Apr 30, 2016 04:02 AM EDT

Nintendo To Schedule 'Pokémon GO' Release Date After Field Test? Gameplay Footage Leaked

Fans are excited over Nintendo's upcoming augmented reality game. Will the highly-anticipated "Pokémon GO" release date be scheduled after the field test results arrive?

Last year, IGN reported that the "Pokémon GO" release date is slated for this year. The mobile game will be available fpr download for free on the App Store and Google Play.

A separate Bluetooth device, named "Pokémon GO" Plus, will be developed and manufactured by Nintendo. This will give notifications to players about nearby events. It can also be used to catch Pokémon with the press of a button.

Niantic, known for its augmented reality mobile game "Ingress," is developing "Pokémon GO." The company was initially founded within Google but spun out last year.

"He is hard at work ensuring that the fun of Pokémon makes its way into this new project," The Pokémon Company said about director Junichi Masuda. "[He] is also looking to come up with new kinds of gameplay while thinking of ways to connect this project with the main series of 'Pokémon' video games."

There have been no official announcements regarding the specific "Pokémon GO" release date yet.
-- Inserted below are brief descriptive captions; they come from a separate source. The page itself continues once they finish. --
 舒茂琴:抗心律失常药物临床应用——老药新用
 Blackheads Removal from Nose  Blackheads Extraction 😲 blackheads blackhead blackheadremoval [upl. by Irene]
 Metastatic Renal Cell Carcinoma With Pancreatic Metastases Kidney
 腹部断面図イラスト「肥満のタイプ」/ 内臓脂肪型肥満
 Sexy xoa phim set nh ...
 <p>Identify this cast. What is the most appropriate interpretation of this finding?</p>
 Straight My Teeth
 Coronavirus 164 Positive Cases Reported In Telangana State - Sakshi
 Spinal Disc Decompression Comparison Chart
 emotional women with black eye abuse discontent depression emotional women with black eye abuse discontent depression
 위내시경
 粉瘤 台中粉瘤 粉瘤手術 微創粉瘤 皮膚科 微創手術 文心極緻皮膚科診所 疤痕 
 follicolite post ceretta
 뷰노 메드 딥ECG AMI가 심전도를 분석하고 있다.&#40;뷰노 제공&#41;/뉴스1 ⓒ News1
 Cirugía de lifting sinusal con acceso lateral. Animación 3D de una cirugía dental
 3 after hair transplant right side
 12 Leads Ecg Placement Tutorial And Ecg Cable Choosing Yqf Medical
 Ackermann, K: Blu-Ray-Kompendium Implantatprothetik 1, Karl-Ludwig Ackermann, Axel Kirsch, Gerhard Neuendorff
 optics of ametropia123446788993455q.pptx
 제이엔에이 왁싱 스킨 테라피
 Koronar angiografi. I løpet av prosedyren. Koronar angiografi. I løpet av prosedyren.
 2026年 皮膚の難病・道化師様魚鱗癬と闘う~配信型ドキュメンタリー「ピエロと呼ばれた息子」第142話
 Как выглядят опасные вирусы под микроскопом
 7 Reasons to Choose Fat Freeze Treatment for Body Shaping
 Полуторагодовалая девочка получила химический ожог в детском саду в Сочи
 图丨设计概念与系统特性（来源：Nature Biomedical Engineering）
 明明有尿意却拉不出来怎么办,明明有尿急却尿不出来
Hopefully, it will be available after the field test results have been collected.

According to The Verge, nine minutes of "Pokémon GO" gameplay footage has been leaked online. The video was taken from the Australian field test of the game.

The clip showed the player selecting and customizing an avatar. Afterwards, the character then took to the streets and captured its first Pokémon.

Unlike previous games in the series, "Pokémon GO" does not give players a Pokémon buddy at the beginning. Players will need to catch the creatures by "hitting them in the right spot with Pokéballs" from the inventory.

The goal is to collect enough Pokémon in order to battle gym leaders in the game. "There's none of the battle strategy we've come to expect from Game Boy and DS versions of the series, with both Pokémon simply repeating attacks automatically at each other," the website wrote.